Step II: Here y-axis is the line of reflection. So the reflection of the quadrilateral will be A'B'C'D' with the co-ordinates.

A(3, – 3) → A'(– 3, – 3)

B(– 2, 4) → B'(2, 4)

C(– 3, 2) → C'(3, 2)

D(– 2, – 4) → D'(2, – 4)

Step III: Plot the reflected vertices and join them.

Hence, quadrilateral A'B'C'D' is the reflection of the quadrilateral ABCD in the y-axis.

We observe that y co-ordinate remains unchanged but x co-ordinate is changed to its opposite sign, i.e, (a, b) → (– a, b)
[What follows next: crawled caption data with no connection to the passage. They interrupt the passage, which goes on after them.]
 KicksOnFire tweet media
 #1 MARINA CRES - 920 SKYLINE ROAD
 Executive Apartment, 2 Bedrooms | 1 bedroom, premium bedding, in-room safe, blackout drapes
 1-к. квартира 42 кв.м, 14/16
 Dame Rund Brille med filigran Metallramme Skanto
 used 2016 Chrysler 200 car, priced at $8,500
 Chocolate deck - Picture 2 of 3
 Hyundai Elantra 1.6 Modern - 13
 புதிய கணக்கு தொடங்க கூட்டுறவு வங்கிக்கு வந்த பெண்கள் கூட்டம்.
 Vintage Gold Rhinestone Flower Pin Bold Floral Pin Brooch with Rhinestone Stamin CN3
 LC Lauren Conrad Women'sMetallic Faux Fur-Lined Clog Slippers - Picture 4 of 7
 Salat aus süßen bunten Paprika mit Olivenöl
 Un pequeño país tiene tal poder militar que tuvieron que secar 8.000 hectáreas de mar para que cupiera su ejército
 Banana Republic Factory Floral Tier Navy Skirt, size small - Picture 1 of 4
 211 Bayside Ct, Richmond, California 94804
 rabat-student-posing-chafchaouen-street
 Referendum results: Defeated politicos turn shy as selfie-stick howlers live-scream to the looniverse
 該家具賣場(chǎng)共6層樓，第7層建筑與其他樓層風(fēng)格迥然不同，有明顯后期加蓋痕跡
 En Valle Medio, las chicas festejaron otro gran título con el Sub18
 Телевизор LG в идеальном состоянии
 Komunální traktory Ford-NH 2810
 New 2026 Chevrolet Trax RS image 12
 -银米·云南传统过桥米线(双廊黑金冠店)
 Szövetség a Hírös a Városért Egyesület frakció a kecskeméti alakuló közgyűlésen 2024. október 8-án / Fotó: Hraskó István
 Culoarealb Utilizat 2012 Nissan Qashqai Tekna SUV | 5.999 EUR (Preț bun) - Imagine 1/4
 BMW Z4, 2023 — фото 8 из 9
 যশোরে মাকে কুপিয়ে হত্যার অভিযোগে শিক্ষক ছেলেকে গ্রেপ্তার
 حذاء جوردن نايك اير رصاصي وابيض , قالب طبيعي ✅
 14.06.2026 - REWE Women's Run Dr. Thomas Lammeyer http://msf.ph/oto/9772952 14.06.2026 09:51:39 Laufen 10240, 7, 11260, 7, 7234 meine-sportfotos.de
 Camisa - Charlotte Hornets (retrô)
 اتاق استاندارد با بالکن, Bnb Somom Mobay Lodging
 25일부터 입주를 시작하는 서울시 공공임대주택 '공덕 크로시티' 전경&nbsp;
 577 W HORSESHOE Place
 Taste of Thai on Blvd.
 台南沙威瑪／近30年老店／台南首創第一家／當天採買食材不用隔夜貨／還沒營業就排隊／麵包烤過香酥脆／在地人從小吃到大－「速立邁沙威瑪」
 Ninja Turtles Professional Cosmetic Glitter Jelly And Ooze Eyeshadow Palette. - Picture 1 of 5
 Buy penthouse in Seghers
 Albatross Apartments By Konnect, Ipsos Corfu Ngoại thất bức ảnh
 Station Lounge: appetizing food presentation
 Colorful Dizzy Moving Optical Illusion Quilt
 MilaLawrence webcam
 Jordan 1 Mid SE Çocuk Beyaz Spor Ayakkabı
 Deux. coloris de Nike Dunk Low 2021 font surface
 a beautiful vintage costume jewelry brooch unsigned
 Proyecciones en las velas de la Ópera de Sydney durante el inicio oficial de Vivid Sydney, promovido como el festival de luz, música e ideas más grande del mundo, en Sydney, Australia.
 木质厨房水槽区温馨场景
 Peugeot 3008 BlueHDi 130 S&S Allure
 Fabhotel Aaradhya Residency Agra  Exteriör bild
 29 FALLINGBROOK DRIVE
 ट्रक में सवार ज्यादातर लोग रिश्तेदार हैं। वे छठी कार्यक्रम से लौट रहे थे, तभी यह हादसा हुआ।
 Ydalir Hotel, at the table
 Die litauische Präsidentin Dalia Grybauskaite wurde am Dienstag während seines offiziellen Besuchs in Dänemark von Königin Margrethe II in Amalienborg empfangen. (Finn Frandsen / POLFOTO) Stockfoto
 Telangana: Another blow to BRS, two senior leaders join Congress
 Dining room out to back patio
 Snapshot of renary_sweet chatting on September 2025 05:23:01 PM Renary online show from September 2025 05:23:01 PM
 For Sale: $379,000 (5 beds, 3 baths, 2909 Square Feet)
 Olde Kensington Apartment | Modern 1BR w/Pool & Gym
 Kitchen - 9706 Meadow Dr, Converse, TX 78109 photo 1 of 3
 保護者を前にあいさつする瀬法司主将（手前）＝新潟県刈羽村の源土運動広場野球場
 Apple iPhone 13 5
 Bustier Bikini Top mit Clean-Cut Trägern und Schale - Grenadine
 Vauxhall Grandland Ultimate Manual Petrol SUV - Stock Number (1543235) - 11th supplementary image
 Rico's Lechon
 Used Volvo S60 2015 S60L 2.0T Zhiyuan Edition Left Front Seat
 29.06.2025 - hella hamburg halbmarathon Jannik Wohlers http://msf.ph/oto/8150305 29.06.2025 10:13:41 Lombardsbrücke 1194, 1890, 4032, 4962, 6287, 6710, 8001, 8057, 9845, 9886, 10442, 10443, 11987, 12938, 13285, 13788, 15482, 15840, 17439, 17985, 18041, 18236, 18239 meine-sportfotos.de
A quadrilateral PQRS with vertices P(3, –2), Q(– 3, 3), R(– 5, 2), R(–3, – 5). Find its reflection in the origin.

Since origin is the mid-point of a vertex and its image, both x and y co-ordinates will change their signs

i.e, (a, b) → (– a, – b).

Step I: Locate the points P, Q, R, S in the quadrants and join them.

Step II: Here origin is the point of reflection. So the reflection of the quadrilateral will be P'Q'R'S' with the co-ordinates.

P(3, –2) → P'(– 3, 2)

Q(– 3, 3) → Q'(3, – 3)

R(– 5, 2) → R'(5, – 2)

S(– 3, – 5) → S'(3, 5)

Step III: Plot the reflected vertices and join them.

Hence, quadrilateral P'Q'R'S' is the reflection of the quadrilateral PQRS in the origin.

A trapezoid ABCD with vertices A(4, 2), B(2, 2), C(1, – 3), D(5, – 3). Find its reflection on a line x = 6.

Step I: Draw perpendicular segments from ABCD to line segment x = 6.

Step II: Locate A', B', C', D' so that line x = 6 is the perpendicular bisector of AA', BB', CC' and DD'.

A(4, 2) → A'(8, 2)

B(2, 2) → B'(10, 2)

C(1,– 3) → C'(11, – 3)

D(5, – 3) → D'(7, – 3)

Step III: Connect vertices A', B', C' and D'.

Hence, trapezoid A'B'C'D' is the reflection of the trapezoid ABCD in line x = 6.